[Start of section]
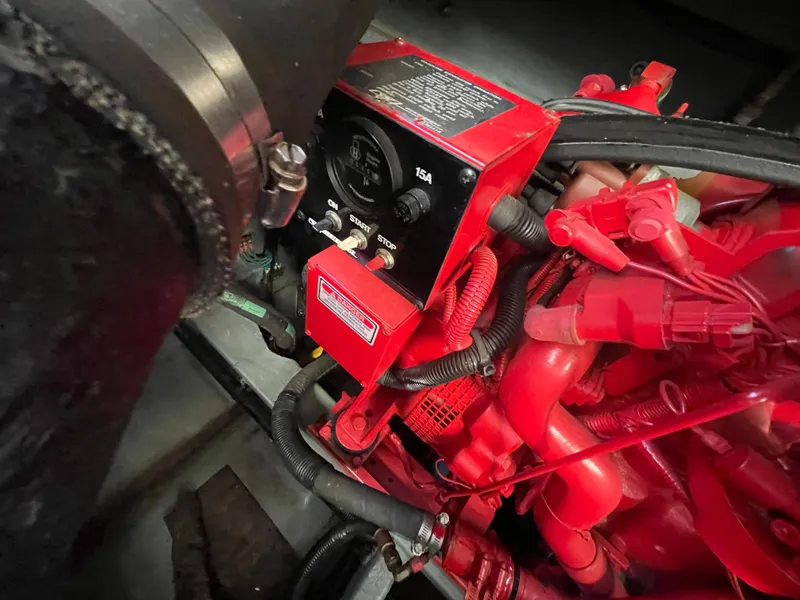 Slide: The Image of Engine compartment of a 1998 Sea Ray 310 boat, featuring red components and wiring. - 17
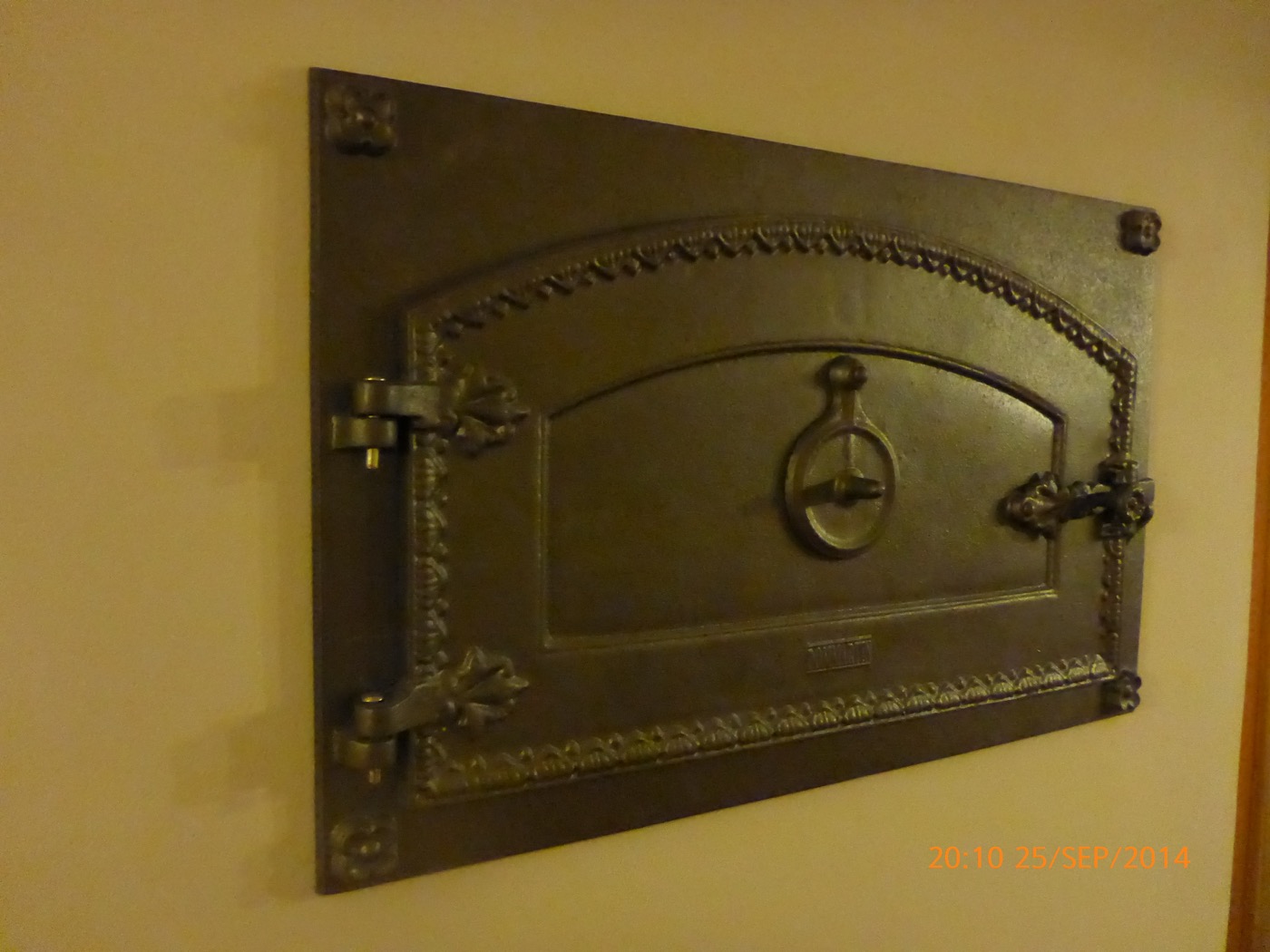 Close-up of the cast-iron oven door: beaded moulding, corner rosettes, swivelling ring handle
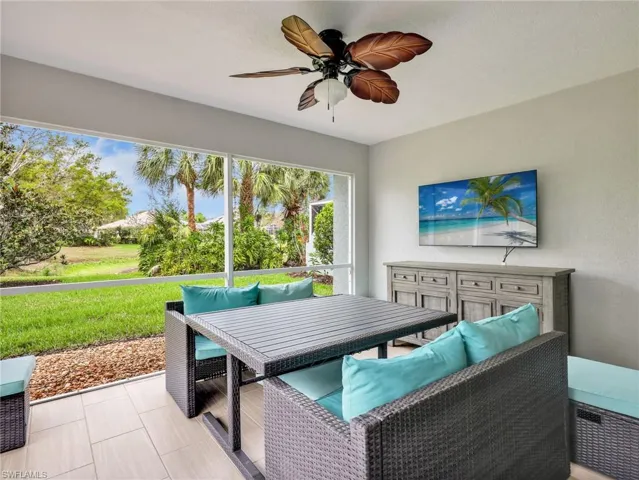 Sunroom featuring a ceiling fan and an outdoor living space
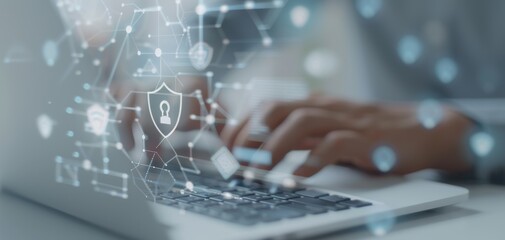 Fototapete - Digital data and a security shield icon on a virtual screen accompany a businessman using a laptop, focusing on his hand typing on the keyboard, illustrating an online technology working concept.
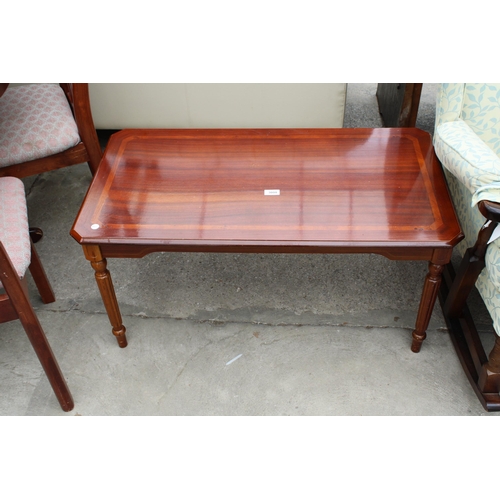 3000 - A MODERN POLISHED HARDWOOD COFFEE TABLE WITH CANTED CORNERS ON TURNED AND FLUTED LEGS, 37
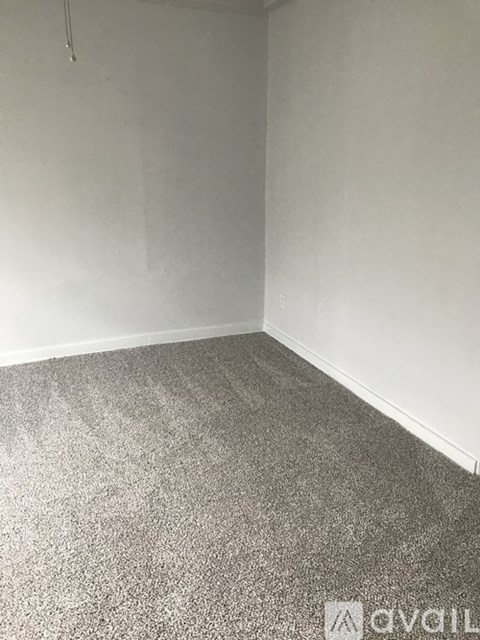 A room with grey carpet and white walls.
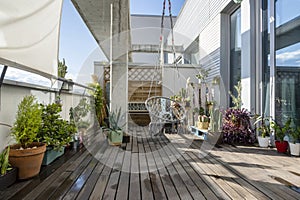 An urban one story penthouse terrace with dark wood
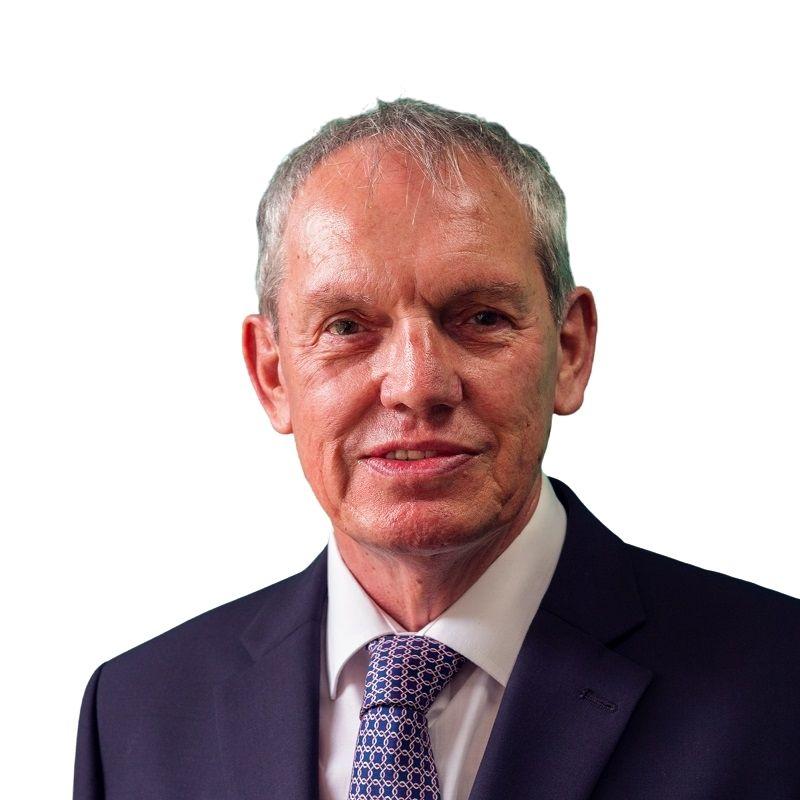 A head and shoulders portrait of Cllr Sibley who is dressed in a jacket and tie and smiling at the camera.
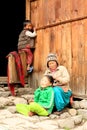 Nepali woman with her children near the house. Royalty Free Stock Photo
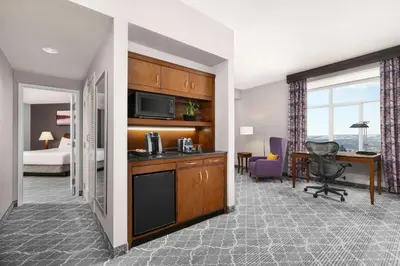 a hotel room with a kitchen and a bedroom at Hilton Garden Inn Calgary Airport in Calgary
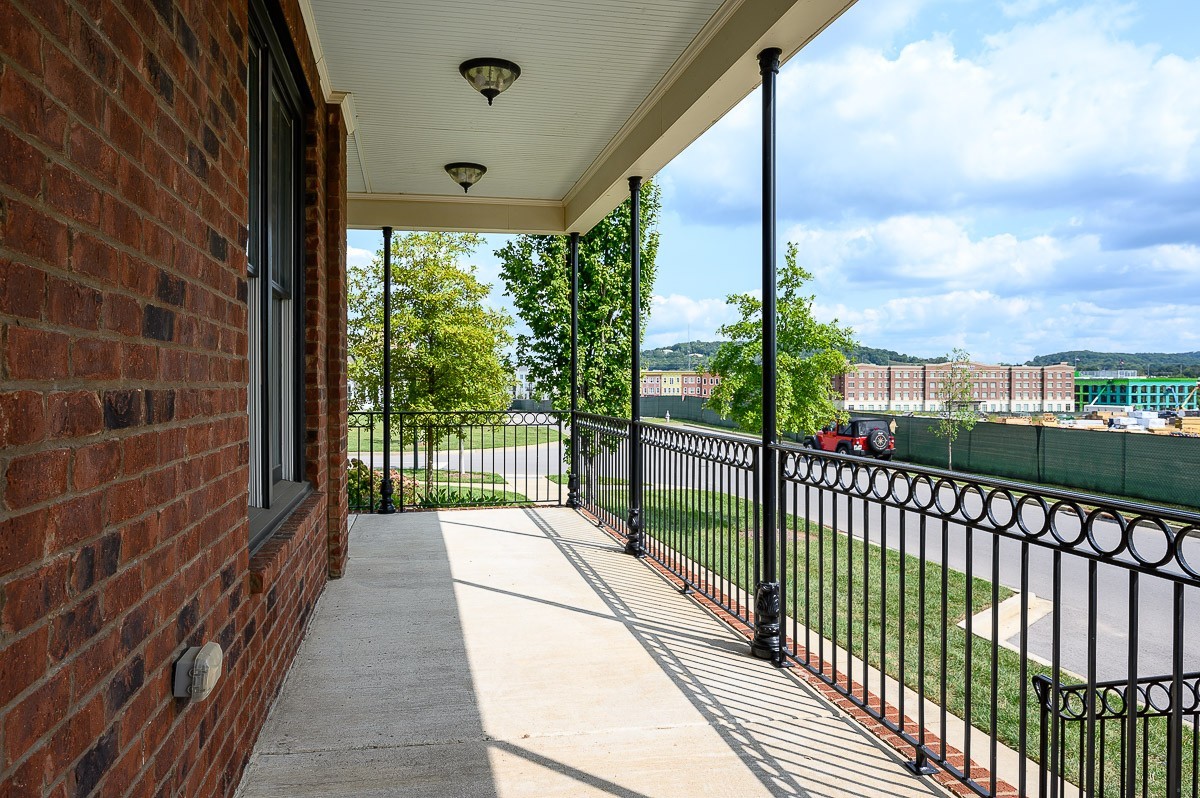 2069 Rural Plains Circle Franklin, TN 37064 - Photo 3 of 34 a view of a balcony with wooden floor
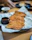 Close-up of crispy lumpias and golden fried chicken served with dipping sauces.
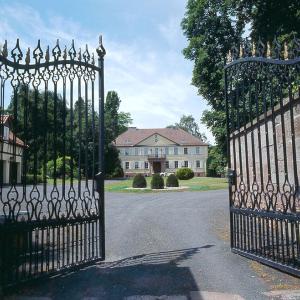 um portão para uma mansão com uma casa ao fundo em Hotel Kavaliershaus/Schloss Bad Zwesten em Bad Zwesten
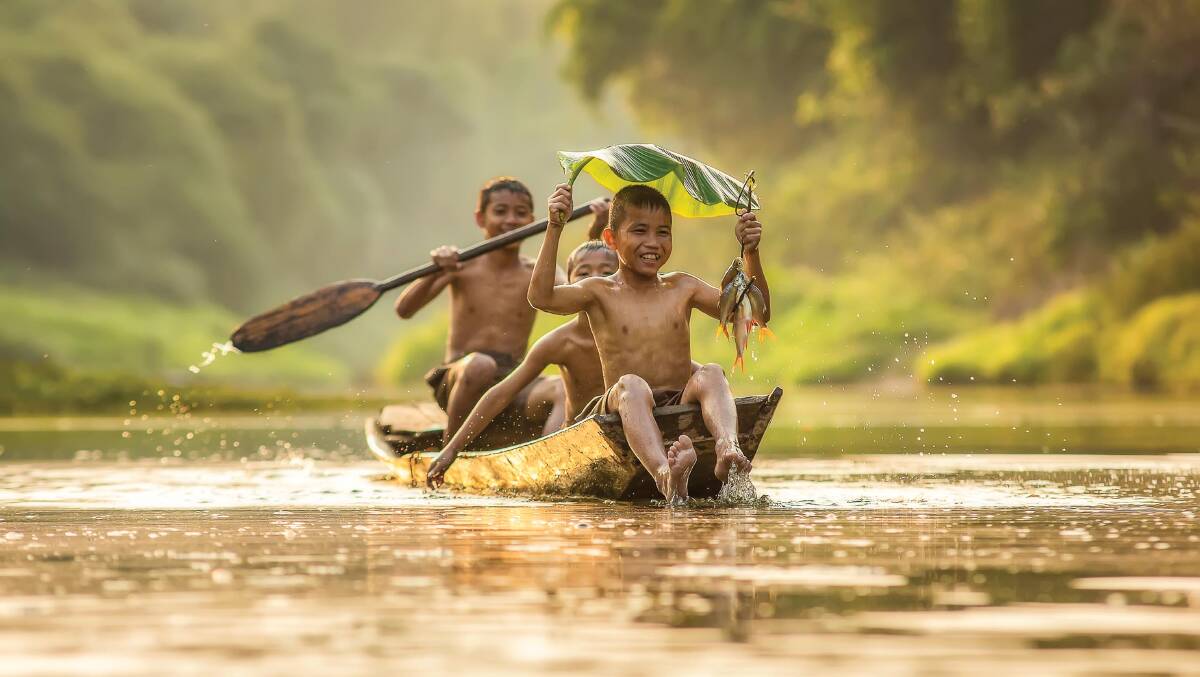 Kids just want to have fun … showing off on the Mekong.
[End of section]
• _Assignment_: Return exactly the lines from the one with "Fototapete - Digital" through the last line of the entries above, both ends included. No pictures may appear in the copy.

• _Written solution_:
 Fototapete - Digital data and a security shield icon on a virtual screen accompany a businessman using a laptop, focusing on his hand typing on the keyboard, illustrating an online technology working concept.
 3000 - A MODERN POLISHED HARDWOOD COFFEE TABLE WITH CANTED CORNERS ON TURNED AND FLUTED LEGS, 37
 A room with grey carpet and white walls.
 An urban one story penthouse terrace with dark wood
 A head and shoulders portrait of Cllr Sibley who is dressed in a jacket and tie and smiling at the camera.
 Nepali woman with her children near the house. Royalty Free Stock Photo
 a hotel room with a kitchen and a bedroom at Hilton Garden Inn Calgary Airport in Calgary
 2069 Rural Plains Circle Franklin, TN 37064 - Photo 3 of 34 a view of a balcony with wooden floor
 Close-up of crispy lumpias and golden fried chicken served with dipping sauces.
 um portão para uma mansão com uma casa ao fundo em Hotel Kavaliershaus/Schloss Bad Zwesten em Bad Zwesten
 Kids just want to have fun … showing off on the Mekong.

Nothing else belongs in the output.